→ Exercise brief: Everything from the line containing "Enjoy a seamless" down to the last line of the entries below must be transcribed exactly, and nothing else.

→ Supplied records:

——————

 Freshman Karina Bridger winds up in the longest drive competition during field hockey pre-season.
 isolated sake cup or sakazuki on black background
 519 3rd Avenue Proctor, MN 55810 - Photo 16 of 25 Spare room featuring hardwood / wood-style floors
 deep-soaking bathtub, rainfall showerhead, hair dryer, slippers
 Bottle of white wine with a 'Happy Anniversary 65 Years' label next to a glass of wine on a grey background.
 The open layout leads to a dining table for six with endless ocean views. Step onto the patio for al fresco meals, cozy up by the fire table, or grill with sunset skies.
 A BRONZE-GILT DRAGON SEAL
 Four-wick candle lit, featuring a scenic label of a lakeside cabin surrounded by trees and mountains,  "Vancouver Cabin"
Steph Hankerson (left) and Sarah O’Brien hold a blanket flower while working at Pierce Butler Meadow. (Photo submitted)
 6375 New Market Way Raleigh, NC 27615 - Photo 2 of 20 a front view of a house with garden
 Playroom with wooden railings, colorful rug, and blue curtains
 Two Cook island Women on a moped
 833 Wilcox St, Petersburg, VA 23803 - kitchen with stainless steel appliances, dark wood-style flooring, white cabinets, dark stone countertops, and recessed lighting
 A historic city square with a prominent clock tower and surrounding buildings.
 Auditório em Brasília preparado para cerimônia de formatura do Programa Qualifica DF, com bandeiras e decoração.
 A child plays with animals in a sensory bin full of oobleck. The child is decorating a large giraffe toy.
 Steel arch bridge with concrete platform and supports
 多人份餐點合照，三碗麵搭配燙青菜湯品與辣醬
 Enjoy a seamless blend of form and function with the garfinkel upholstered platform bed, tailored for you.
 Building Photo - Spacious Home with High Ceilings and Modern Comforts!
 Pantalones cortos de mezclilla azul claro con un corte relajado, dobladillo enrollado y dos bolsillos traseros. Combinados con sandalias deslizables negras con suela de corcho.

——————

→ Answer for this exercise:
 Enjoy a seamless blend of form and function with the garfinkel upholstered platform bed, tailored for you.
 Building Photo - Spacious Home with High Ceilings and Modern Comforts!
 Pantalones cortos de mezclilla azul claro con un corte relajado, dobladillo enrollado y dos bolsillos traseros. Combinados con sandalias deslizables negras con suela de corcho.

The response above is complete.